Writing at her "Couric & Co." blog this morning, CBS's Katie Couric gave journalist/feminist polemicist Susan Faludi a platform to flesh out her theory that the mainstream media have harnessed fears of terrorism post-9/11 to socially repress women and resurrect myths of the Old West. Here, for example, is Faludi's response to Couric's question about why Faludi penned her latest book:
After 9/11, as the weeks and months and then a year passed, it was as if we’d fallen into this fever dream where political leaders were spouting all this vigilante cowboy rhetoric. “Shoot ‘em between the eyes.” “Smoke ‘em out of their holes.” It was a return to this John Wayne masculinity, to our Indian wars.
And then on the feminine side of the equation, there were all these trend stories, that 9/11 would bring on a marriage boom, a baby boom, even that feminism had come to be deep-sixed.
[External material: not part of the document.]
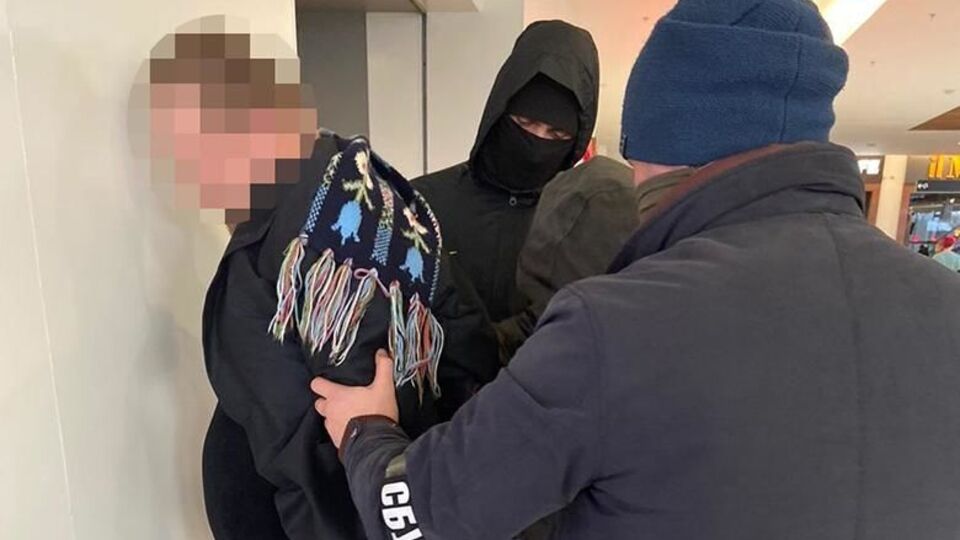 Чоловіків затримали в районі станції метро "Чернігівська"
So I set out to try and understand why, when symbols of our military and commercial establishments had been attacked, why was there all this focus on home and hearth?
Rather than take the occasion to ask her subject if she's reading too much into inventive media storylines or if her book may be a cynical way of profiting from 9/11, Couric's entire interview was marked by softball open-ended questions that Faludi promptly slammed out of the park to plug her book.
What's more, introducing her interview subject, Couric began noting Faludi's accolades, which of course only bolster the case that she's far from a centrist or balanced journalist:
Susan Faludi, the Pulitzer Prize winning journalist who burst on the scene in 1991 with her thoughtful and provocative “Backlash: The Undeclared War Against American Women,” has a new book out: “The Terror Dream: Fear and Fantasy in Post 9/11 America.”
It examines America’s psychological response to the attacks and finds lots of answers in our Wild West frontier myths. So we caught up with her by phone last week, and posed our 10 (well, OK, 11) Questions to her
Below are the agenda of questions. For Faludi's answers, check out the full interview:
- You open “The Terror Dream” with a dream, a nightmare, you had the morning of 9/11…
- What prompted you to write this book?
- And what did you find?
- The title of your book comes from a novel about the frontier...
- And this isn't always the way our country has reacted?
- What happened instead, what went wrong?
- Which was?
- You write in your book about a phone call you received from a reporter the morning of the attack: “After a couple of vague questions about what this tragedy would ‘mean to our social fabric,’ he answered his own question with, given the morning’s events, a bizarrely gleeful tone: ‘Well, this sure pushes feminism off the map.’” How did you react to that? And six years later, what did 9/11 do to feminism?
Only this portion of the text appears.